Work to be completed: Keep the lines exact and the pictures out as you repeat the following listing.
[[ Working data, beginning ]]
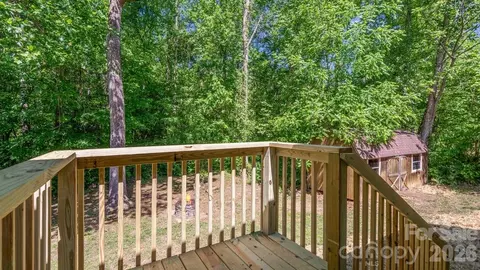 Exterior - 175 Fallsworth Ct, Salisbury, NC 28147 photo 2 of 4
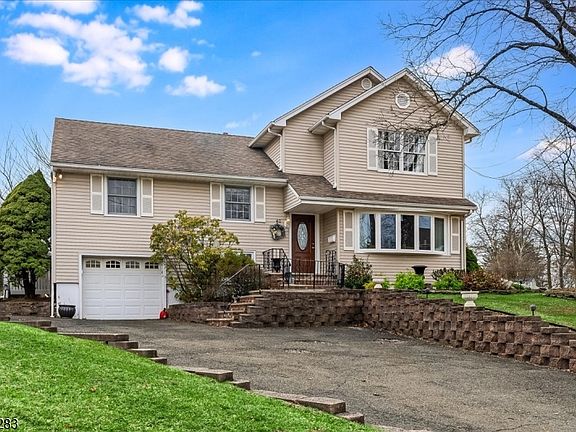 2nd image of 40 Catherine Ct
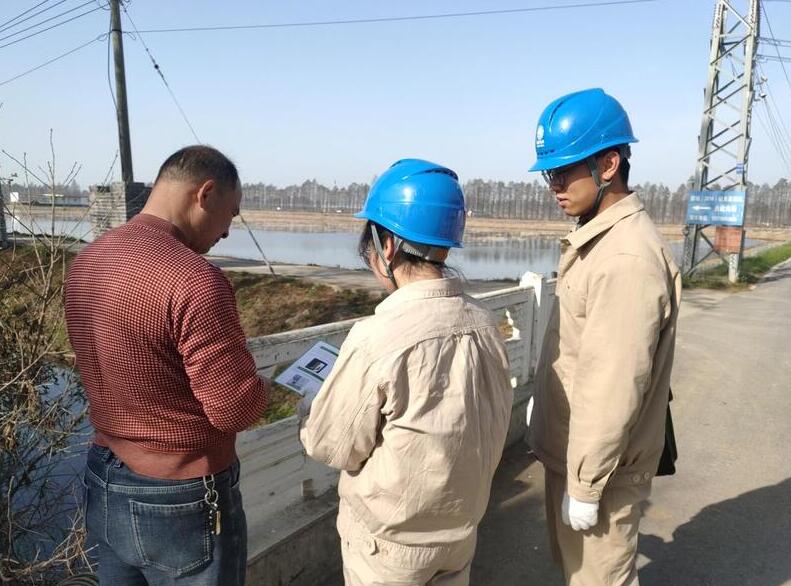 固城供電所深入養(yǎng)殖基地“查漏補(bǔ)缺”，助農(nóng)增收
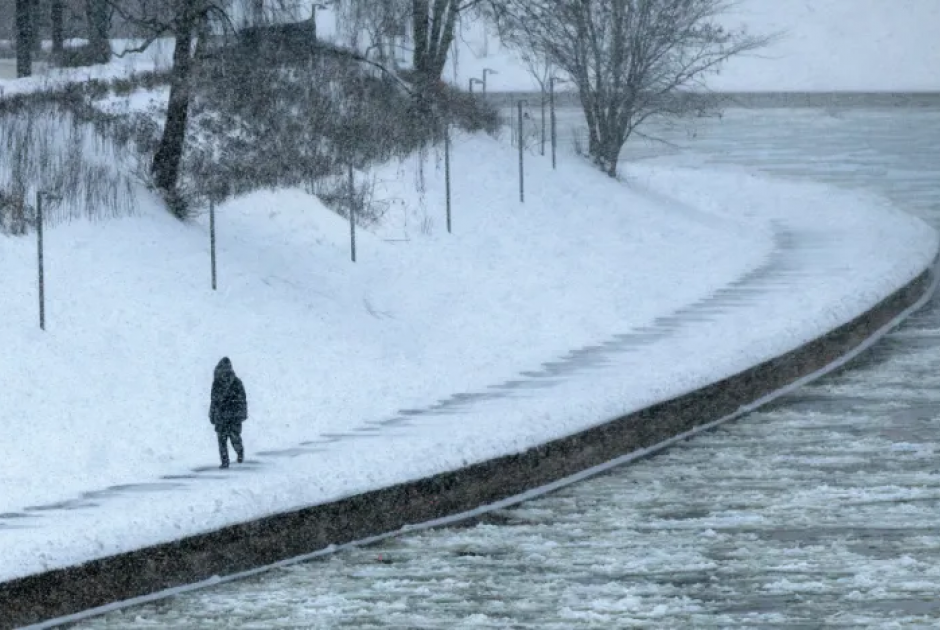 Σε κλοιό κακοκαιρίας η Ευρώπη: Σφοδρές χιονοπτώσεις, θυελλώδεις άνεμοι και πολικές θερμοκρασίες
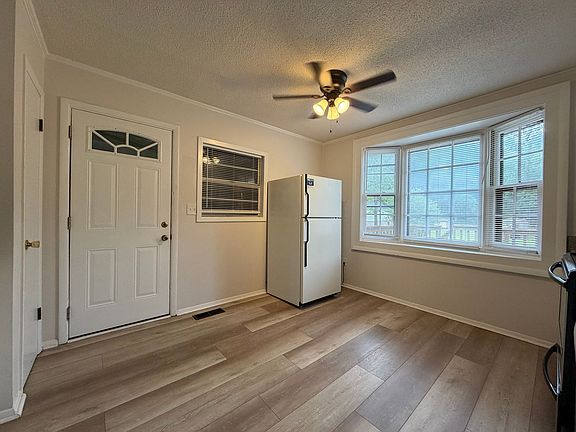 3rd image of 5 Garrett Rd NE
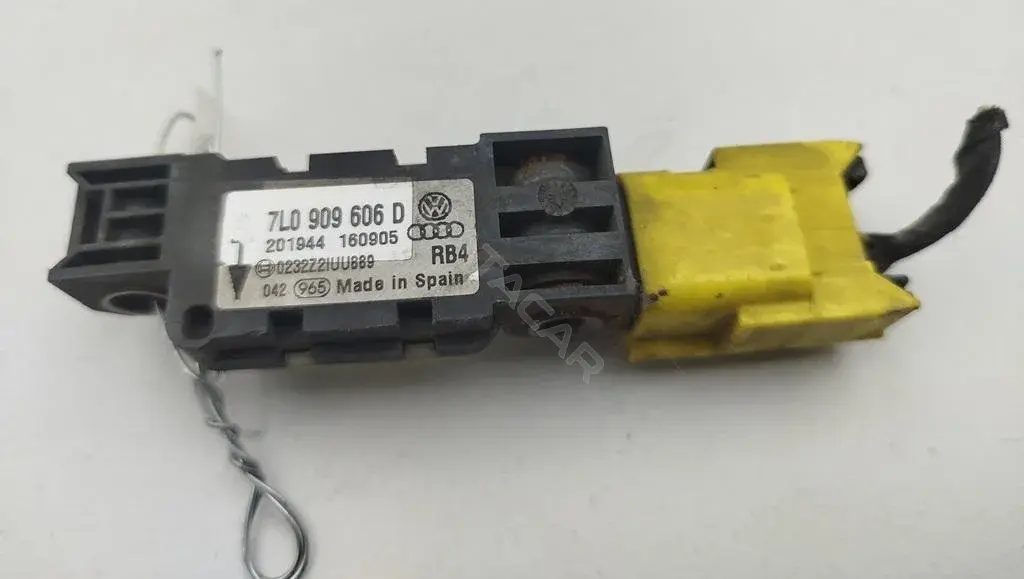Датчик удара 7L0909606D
[[ Working data, end ]]
Result of this exercise:
 Exterior - 175 Fallsworth Ct, Salisbury, NC 28147 photo 2 of 4
 2nd image of 40 Catherine Ct
 固城供電所深入養(yǎng)殖基地“查漏補(bǔ)缺”，助農(nóng)增收
 Σε κλοιό κακοκαιρίας η Ευρώπη: Σφοδρές χιονοπτώσεις, θυελλώδεις άνεμοι και πολικές θερμοκρασίες
 3rd image of 5 Garrett Rd NE
Датчик удара 7L0909606D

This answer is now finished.